Im Begriff der "Co-Abhängigkeit“ findet sich diese paradoxe Umkehrung der Opfer-Täter-Rolle bis heute: Ursprünglich von US-Selbsthilfegruppen formuliert, um Strategien gegen die Ohnmacht zu entwickeln und die Aufmerksamkeit auf die systemischen Aspekte der Sucht zu richten, wurde den Angehörigen immer mehr Verantwortung zugeschoben. Heute sind nach gängiger Sprachregelung Freunde und Kollegen ebenso potenziell "co-abhängig“, also suchtfördernd, wie Therapeuten oder der Staat, der aus dem Alkoholkonsum Steuern lukriert.

"Durch den Begriff der Co-Abhängigkeit kann der Patient, aber auch der Therapeut, die Schuld leicht auf die Angehörigen schieben“, weiß Alfred Uhl, Koordinator für Suchtpräventionsforschung und -dokumentation am Wiener Anton-Proksch-Institut. Dass Partnerinnen und Partner einen großen Einfluss auf Suchtkranke haben können und oftmals selbst Hilfe benötigen, stehe dennoch außer Zweifel. Doch wie sollten sie sich verhalten? "Dazu gibt es leider keine Patentrezepte“, antwortet Uhl im FURCHE-Gespräch. "Manchmal kann es hilfreich sein, radikal und kategorisch aufzutreten, ein andermal führt das nur zu gegenseitiger Verhärtung“, erklärt er. Ständiges Nörgeln sei in jedem Fall kontraproduktiv. Bei der Angehörigen-Beratung des Anton-Proksch-Instituts finden Betroffene jedenfalls ein offenes Ohr (Informationen unter www.api.or.at).

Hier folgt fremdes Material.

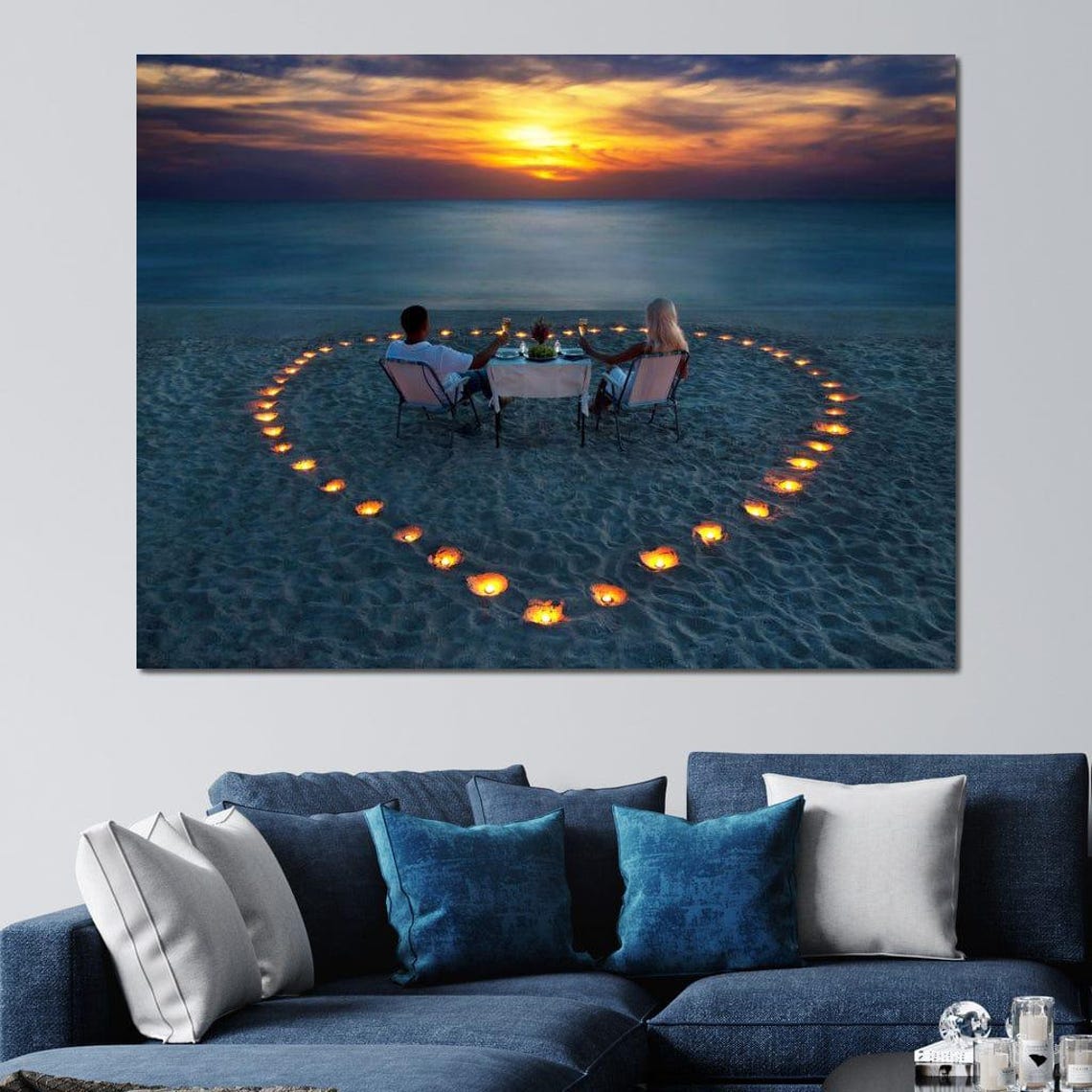 Romantic Beach Dinner At Sunset Couple In Heart Of Candles Art Poster - Image 4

Indes rücken auch die Kinder von Alkoholkranken vermehrt in den Fokus. Der Wiener Verein "Fluffi“ (Maskottchen siehe links) will Vier- bis Zehnjährigen ab 6. November die Möglichkeit geben, im Rahmen von Freizeitaktivitäten über ihre Gefühle zu reden und neue Ressourcen für die Alltagsbewältigung zu entwickeln. "Uns ist besonders wichtig, die Eltern einzubeziehen, damit die Kinder in keinen Loyalitätskonflikt geraten“, erklärt die Psychologin und Vereinsleiterin Hanna Grubhofer. Kein leichtes, doch ein wichtiges Unterfangen: Geschätzte zehn Prozent aller Kinder leben schließlich mit einem alkoholbelasteten (Stief-)Elternteil zusammen, rund ein Drittel davon schlittert später vermutlich selbst in die Sucht.